Write out, word for word, the line that contains "Chung Hom Kok - City Icon Block 1 04" and each line after it down to the last line of the data below. Include nothing more.

*Supplied material*
****************************************

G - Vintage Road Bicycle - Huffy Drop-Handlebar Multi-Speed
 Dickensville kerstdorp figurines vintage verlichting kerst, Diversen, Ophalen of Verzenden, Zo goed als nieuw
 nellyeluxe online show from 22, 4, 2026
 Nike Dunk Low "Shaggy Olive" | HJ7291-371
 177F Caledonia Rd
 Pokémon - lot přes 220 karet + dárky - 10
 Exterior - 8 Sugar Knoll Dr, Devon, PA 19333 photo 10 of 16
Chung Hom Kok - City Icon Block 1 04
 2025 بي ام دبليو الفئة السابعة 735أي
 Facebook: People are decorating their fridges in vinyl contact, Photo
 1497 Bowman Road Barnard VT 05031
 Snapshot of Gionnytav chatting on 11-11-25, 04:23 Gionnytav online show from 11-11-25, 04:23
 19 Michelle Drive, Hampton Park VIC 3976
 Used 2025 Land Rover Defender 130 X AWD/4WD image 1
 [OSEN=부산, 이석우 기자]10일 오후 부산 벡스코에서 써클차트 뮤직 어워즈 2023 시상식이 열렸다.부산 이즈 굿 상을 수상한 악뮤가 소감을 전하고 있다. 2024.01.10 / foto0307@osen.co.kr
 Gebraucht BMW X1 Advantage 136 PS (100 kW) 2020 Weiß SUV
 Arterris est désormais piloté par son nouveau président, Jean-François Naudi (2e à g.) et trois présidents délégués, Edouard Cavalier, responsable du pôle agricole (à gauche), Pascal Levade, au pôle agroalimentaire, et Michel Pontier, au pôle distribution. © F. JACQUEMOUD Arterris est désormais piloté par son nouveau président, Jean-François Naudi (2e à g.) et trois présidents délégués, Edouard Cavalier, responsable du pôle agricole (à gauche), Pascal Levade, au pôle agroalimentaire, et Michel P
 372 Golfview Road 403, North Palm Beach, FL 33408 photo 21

****************************************

*Result for this task*
Chung Hom Kok - City Icon Block 1 04
 2025 بي ام دبليو الفئة السابعة 735أي
 Facebook: People are decorating their fridges in vinyl contact, Photo
 1497 Bowman Road Barnard VT 05031
 Snapshot of Gionnytav chatting on 11-11-25, 04:23 Gionnytav online show from 11-11-25, 04:23
 19 Michelle Drive, Hampton Park VIC 3976
 Used 2025 Land Rover Defender 130 X AWD/4WD image 1
 [OSEN=부산, 이석우 기자]10일 오후 부산 벡스코에서 써클차트 뮤직 어워즈 2023 시상식이 열렸다.부산 이즈 굿 상을 수상한 악뮤가 소감을 전하고 있다. 2024.01.10 / foto0307@osen.co.kr
 Gebraucht BMW X1 Advantage 136 PS (100 kW) 2020 Weiß SUV
 Arterris est désormais piloté par son nouveau président, Jean-François Naudi (2e à g.) et trois présidents délégués, Edouard Cavalier, responsable du pôle agricole (à gauche), Pascal Levade, au pôle agroalimentaire, et Michel Pontier, au pôle distribution. © F. JACQUEMOUD Arterris est désormais piloté par son nouveau président, Jean-François Naudi (2e à g.) et trois présidents délégués, Edouard Cavalier, responsable du pôle agricole (à gauche), Pascal Levade, au pôle agroalimentaire, et Michel P
 372 Golfview Road 403, North Palm Beach, FL 33408 photo 21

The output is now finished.